Quick Stitch Sampler Book

One of the most fun features of a lot of BERNINA machines is their huge catalog of decorative and functional stitches. However, they can seem pretty daunting, especially when you’re staring at the screen. I find they are a lot more approachable if you’ve tried them out, and can reference them on a piece of fabric. I designed a little stitch book as a place to keep your experiments. Spend a day stitching them all out, or do a few at a time as your projects dictate. Either way, this expandable book leaves room for more stitches and experiments, you could even try stitching them on different fabrics and adding those to the book as you go. This open ended project is perfect for new machine owners who are getting to know their new BERNINA.

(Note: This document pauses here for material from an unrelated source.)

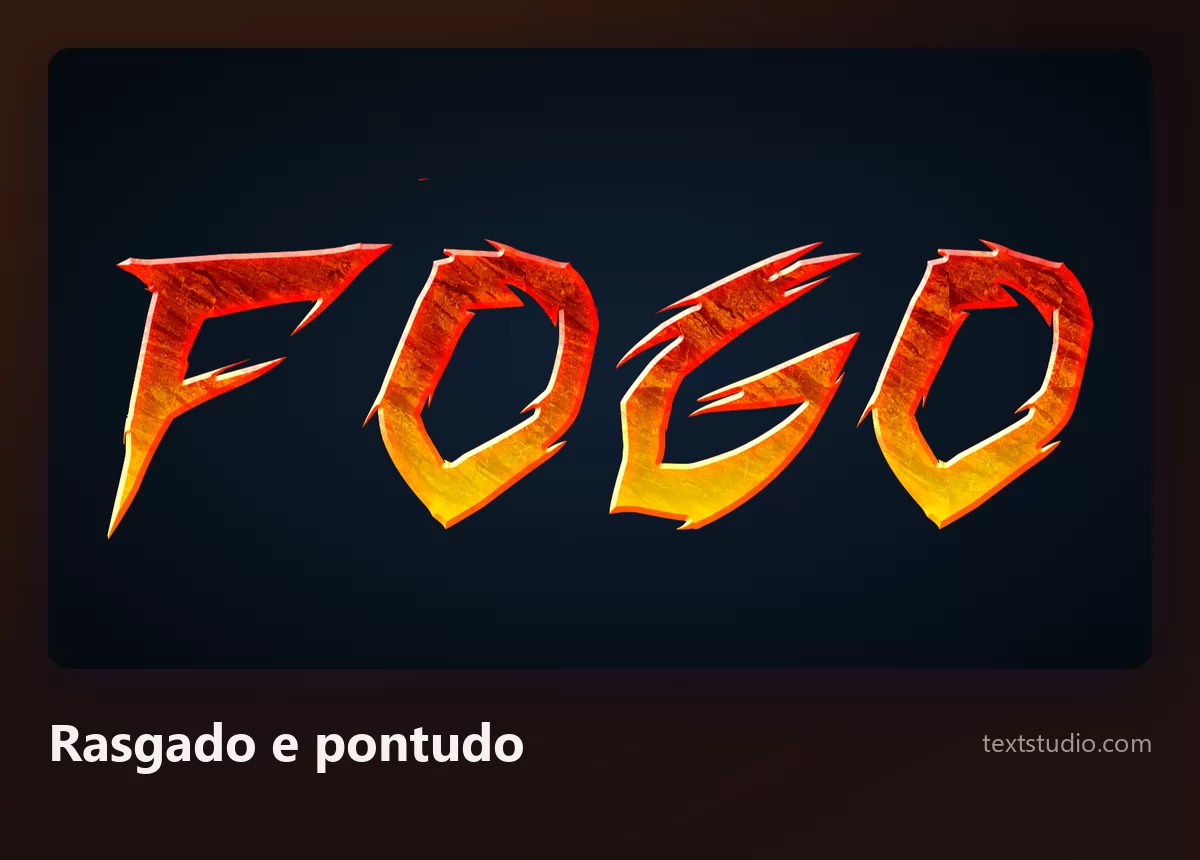 A palavra Fogo em letras rasgadas e irregulares, com estilhaços afiados e fogo aparecendo pelas frestas, inclinadas para a frente de forma agressiva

Materials to Make A Quick Stitch Sampler Book

  • Fabric (I used cotton flannel)
  • Fusible Interfacing (I used Fabric Flex by Pellon)*
  • Rotary Cutter*
  • Cutting Mat*
  • Ruler
  • Thread*
  • Permanent Marker
  • Buttonhole foot #3 or #3A
  • X-Acto Knife or Buttonhole Cutter
  • One sew on snap*
  • Hand Sewing Needle
  • Hand Sewing Thread

*These supplies generously donated by Brewer Sewing. Thanks, Brewer!

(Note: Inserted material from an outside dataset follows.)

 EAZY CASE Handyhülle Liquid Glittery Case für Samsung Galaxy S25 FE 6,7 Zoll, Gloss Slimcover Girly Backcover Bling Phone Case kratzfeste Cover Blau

1. Iron interfacing onto the back of your fabric. I started with a half yard.

2. Cut the fabric down into similar sized squares using a rotary cutter. These do not need to be exactly the same, but if you like that kind of thing, feel free to measure! Mine are approx 5″ x 6″.

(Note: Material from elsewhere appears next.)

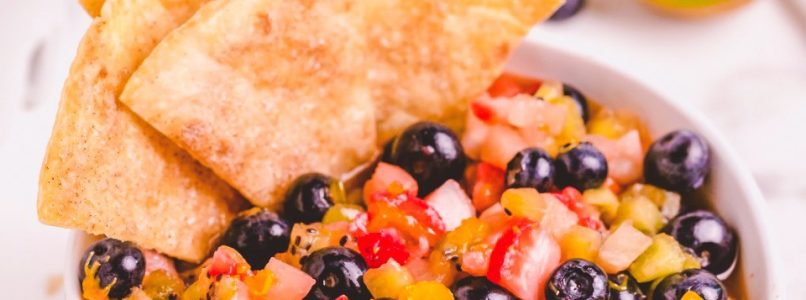 FRUIT SALSA with BAKED CINNAMON CHIPS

3. Begin stitching! I started with the opening screen, stitching the straight stitch, zig zag, and zig zag variations.

Even though some of the stitches are functional and others are decorative, I take the approach that ALL the stitches can be used in decorative ways. I like to think of the sewing machine as a drawing tool, and all the different stitches as different ways of making marks. I recommend trying out all the stitches, even the ones you think you won’t like.

After finishing each stitch, I marked the number off to the left with permanent marker so I can find it again in the future.

4. When you’ve got a little pile of stitch experiments, get out your buttonhole foot. Using the Buttonhole Foot (3A) stitch a one inch button hole onto each square in the same spot (I stitched mine in the middle along the right edge).

Use an X-Acto Knife or a Buttonhole Cutter  to open up the buttonholes.  

5. Make the binding strap. Cut a two-inch wide piece of fabric, and iron in the raw edges on both sides, turning over ¼ inch. Fold the whole thing in half and iron in place. Sew the edge together. I added ribbon to one side to make the strap a little sturdier and to add more embellishment, because as far as I’m concerned, more is more.

Sew the snap. Using a hand sewing needle, sew the snap in two pieces to opposite ends of the strap.

 

Thread the strap through the buttonholes, and snap shut. As you create more stitch samplers, you can add them as you go. I made my strap pretty long (10″) to allow for many additions.

Please note: you can see here that I did not snip any threads or worry to much about these little samplers being perfect. They have raw edges and imperfections. Think of this project as a rough warm up sketch, a great way to try out the stitches, but not an invitation to obsess and worry about details. It’s about experimenting and getting to know your machine. Try to relax into it and enjoy the process.

4 thoughts on “Quick Stitch Sampler Book

  1. I make up an exercise book with all the stitches in, numbered and in order, for every machine I have. The big difference is that I do every stitch twice, once in white polycotton (no stretch) and once in white fabric that has 100% stretch (I use a soluble self-adhesive interface). This is because when sewing stretchy fabric, I need to know which stitches I can use, especially decorative ones, without them feeling all tight and uncomfortable in clothes. I don’t want them to snap either when the clothes stretch!

    Although I used an exercise book, that was only because it was to hand. I considered using a ring binder, or index cards would probably have been best.

  2. This is a great idea! When I got my Bernina, I created a cheat “shirt”. I used an old white button down collar shirt and put sample stitches all over it. I used a pen, like this example, to reference the stitch number. There are so many wonderful stitches in these machines having a sample of some version to work from is extremely helpful.